I can get the information on demand 24x7 from anywhere in the world, that
seems _more_ useful than having someone read it to me at scheduled times on
the radio where if I don't happen to be listening at that time, I miss it.

If I have to work through the high school football game (or am out of town)
and want to know the score when I come home, I can pull up the school's
webpage at 11pm to see the score, I don't need to tune in at 7am the next
morning to hear the local news.

If there's a water leak and school is closed early, I don't have to be
listening to the radio all day to hear the announcement or wait for my child
to call me, I'll get an SMS (and/or phone call or email or app alert) and I
can already be on my way home to meet her.

 _Too much information is just as bad as not enough_

This is a rural area, my typical hometown police blotter column includes 4 or
5 incidents (including the occasional kitten rescues and lost cow found
wandering downtown). That's hardly too much information. And back when they
_did_ read this information on our local AM station, they included the same
information (our family dog made the police report on the radio when she was
reported on the local highway and returned home by police)

------
jarjoura
I think all you grumpy commenters in here are nostalgic af! I hated radio in
my youth. It was 20 minutes of the same songs followed by another 20 minutes
of commercials. The same playlists over and over, and really the only value-
add were the DJs talking to you. Then once radio stations caught on to that,
they shifted to shock-jocks that really went overboard. I mean look at Howard
Stern, he grew out of that shift.

If Live Nation and CBS radio didn't buy up all the radio stations in the 90s,
they probably would have vanished one by one as people moved on to iPods and
CDs for consumption.

Both Apple Music and Spotify have playlists of every conceivable genre and of
every mood you could possibly be in. Want to listen to bad elevator cover
songs? You can find it! There shouldn't be any problem with music discovery at
this point. I'm constantly finding new music from all kinds of artists.
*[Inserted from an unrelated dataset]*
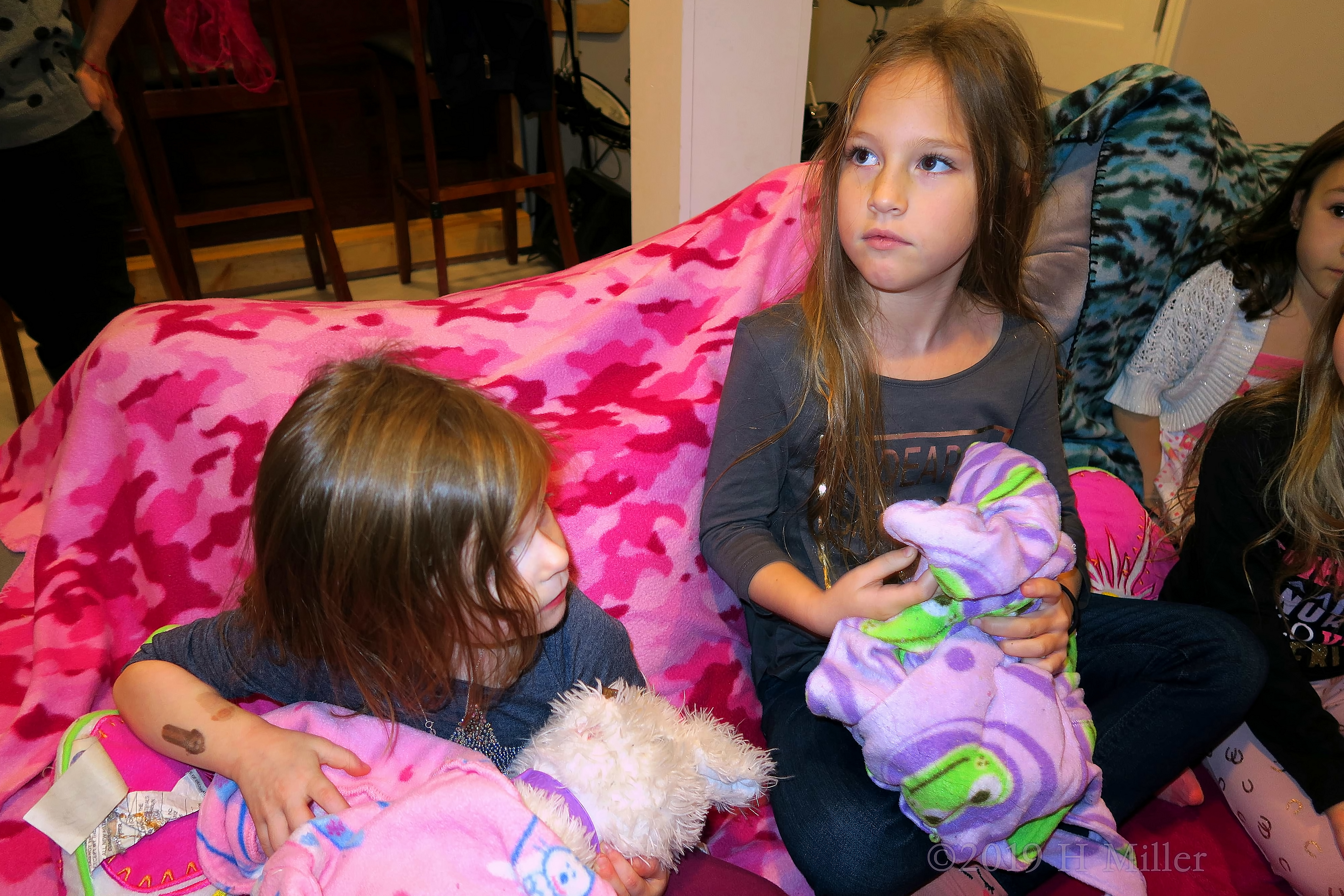 Kids Spa Party Guests Ready For The Party Kids Spa Party Guests Ready For The Party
For everything else, DJs in the morning, shock-jocks, talk radio, those are
served by Podcasts. Once again, every possible genre, from murder mysteries,
to local news, it's all there. Maybe your small community doesn't have a
replacement podcast yet, but that doesn't mean it can't exist. The barrier to
entry is so low that I imagine it's only a matter of time.

------
imroot
This article is about 20 years too late.

Back in the late 1990's, I worked for a rural radio station -- they were in
the process of moving to full automation, and was working on getting the
country station in full automation: I had a background in Audio/Video
Productions (and computers/electronics), so, I spent a lot of time working on
the automation (old Harris Automation System, vs the rest of the cluster using
AudioVault from BEI).

There was someone in the studio from 5AM Until Midnight (sometimes later if
there were west coast ballgames) Monday-Friday: We'd do the news at the top
and bottom of the hour (each station in the cluster got sent back to network
audio at different times -- 4:15, 6:00, 6:30 after the hour, which required
some really good pacing and reading skills to not let the other stations know
you're pushing something back to network), cut live and recorded weather for
other stations, and then answer the phone/distribute faxes/etc.
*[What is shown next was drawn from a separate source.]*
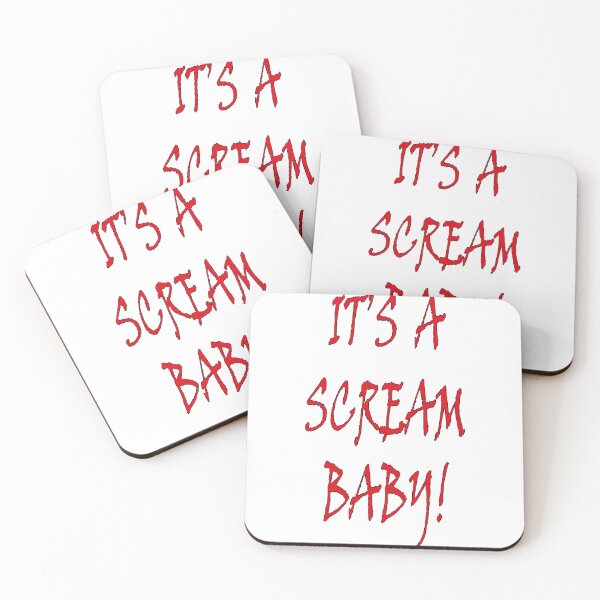 Item preview, It's a SCREAM baby! designed and sold by iam8lu3.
I learned a lot about RF and Broadcast engineering during this time, and it
honestly was the catalyst to push me into electrical and computer engineering
(admittedly, restoring a VAX/VMS with the station engineer was the biggest
driver).

I can identify a "Satellite" station from a mile away. The liners sound
different -- if they even match up -- the clocks at the top and the bottom of
the hour are sync'ed with :30:00 and 00:00.

Sunday mornings was religious programming (the "hangover" shift), and we'd do
Friday night Football for High School and Saturday/Sunday College and
Professional Football games, and Basketball games during the winter months.
Add in some NASCAR and Indy racing (on the country music station), and there
were plenty of weeks where I had 50/60/70 hours (at 17, I thought I was
financially set -- lest I know that I was completely wrong!)
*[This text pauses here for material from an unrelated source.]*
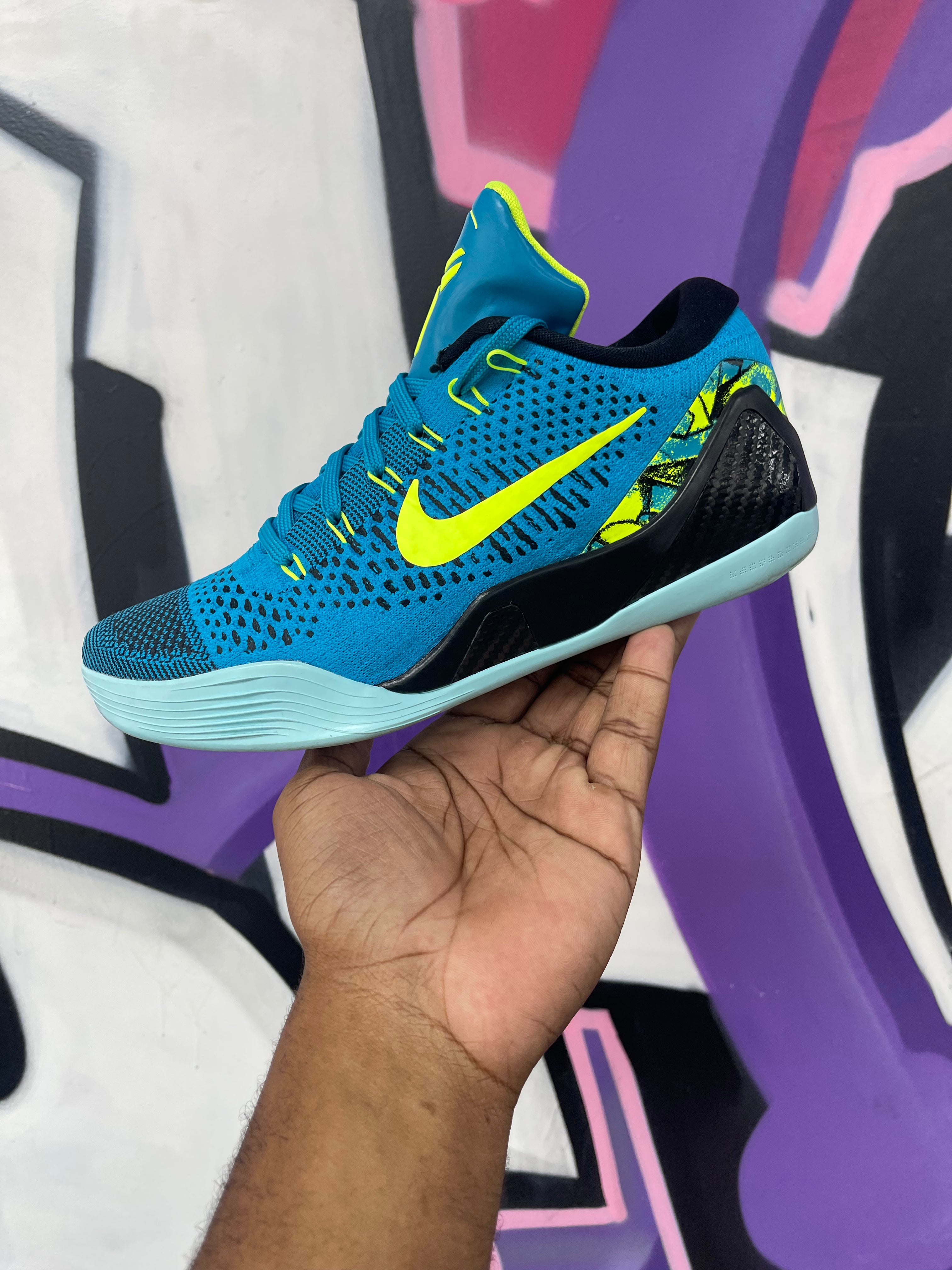 Nike Kobe 9 Protro Perspective Sneakers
To this day, the group of stations that I grew up with are still using split
ownership to get past FCC rules about station clustering (but, all ran out of
the same building).

------
hprotagonist
our radio stations are vanishing, period, into a siriusXM and ClearChannel
morass of repetitive hell. NPR affiliates (KEXP, etc) and college radio
stations (WZBC, WRCT) keep the flame alive but they’re all that’s left.

I still dearly miss the stations of my youth, which were crucial venues for
hip hop culture (HOT97) and alt rock (KROCK, WFNX, ... ) in a way that youtube
and soundcloud and bandcamp just aren’t.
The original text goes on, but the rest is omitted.